Image-text web data
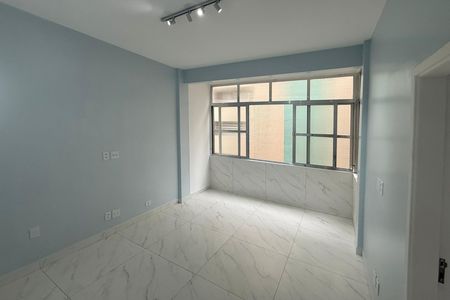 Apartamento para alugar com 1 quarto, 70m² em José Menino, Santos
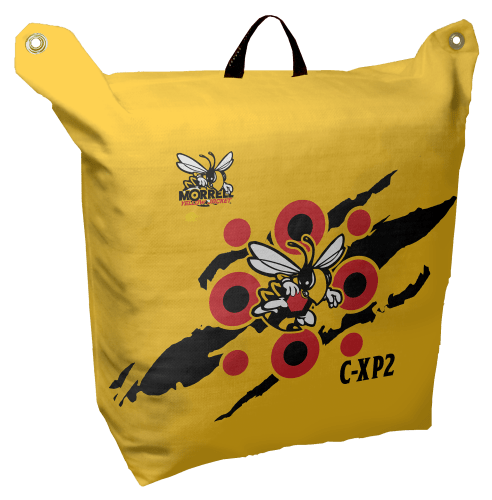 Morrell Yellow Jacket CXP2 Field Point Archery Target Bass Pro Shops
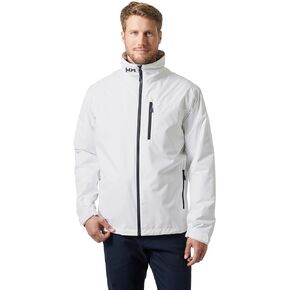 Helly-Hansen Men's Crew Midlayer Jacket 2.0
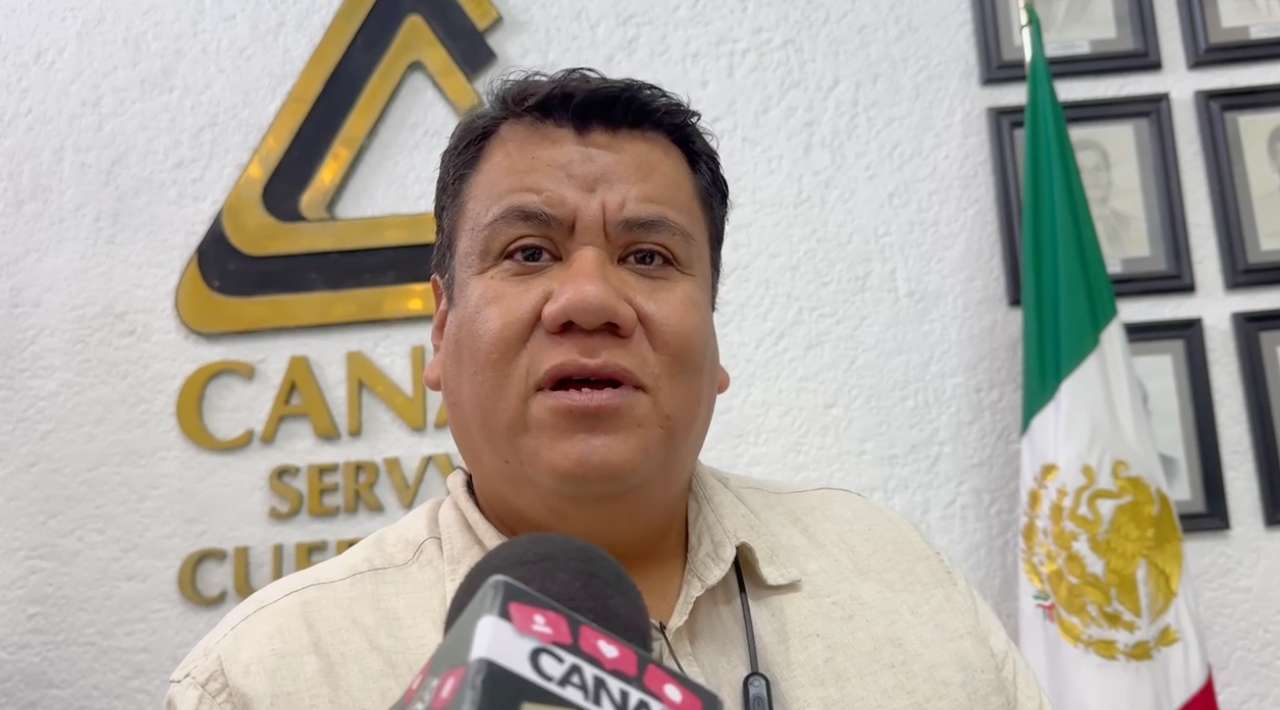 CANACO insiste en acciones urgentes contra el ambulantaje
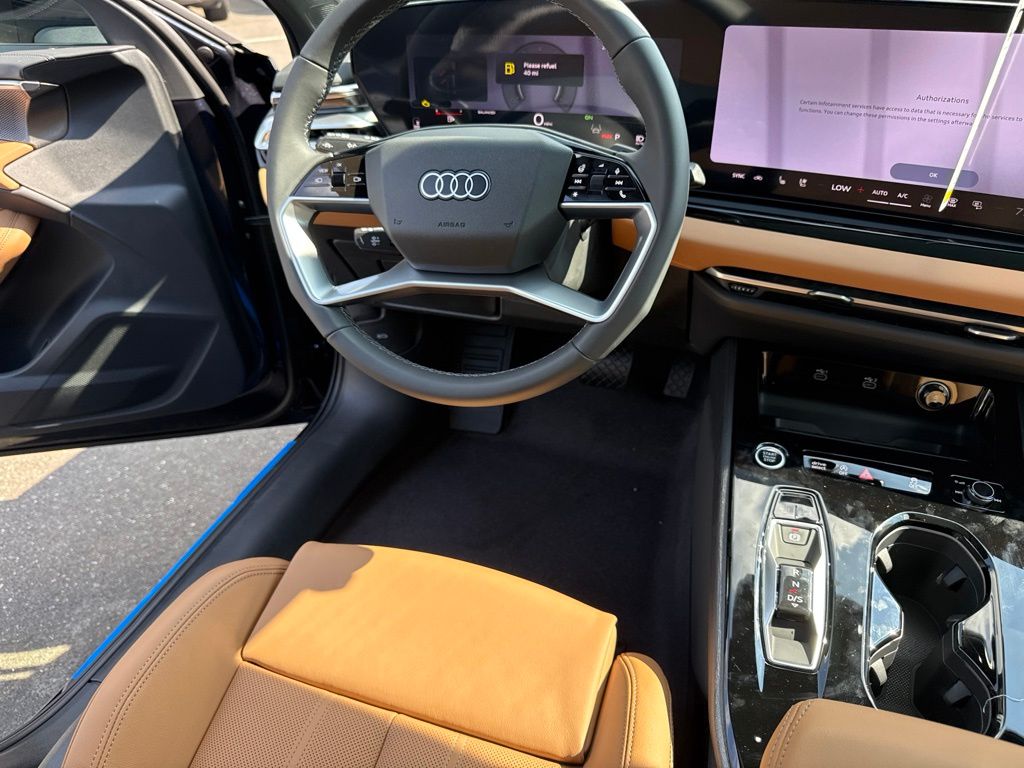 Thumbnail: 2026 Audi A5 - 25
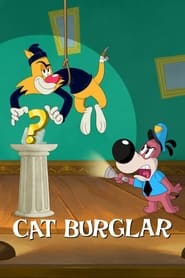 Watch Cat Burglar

### REQUIRED ACTION
Print the data above in full and exactly as it appears, skipping the pictures.

### OUTPUT BELOW
 Apartamento para alugar com 1 quarto, 70m² em José Menino, Santos
 Morrell Yellow Jacket CXP2 Field Point Archery Target Bass Pro Shops
 Helly-Hansen Men's Crew Midlayer Jacket 2.0
 CANACO insiste en acciones urgentes contra el ambulantaje
 Thumbnail: 2026 Audi A5 - 25
 Watch Cat Burglar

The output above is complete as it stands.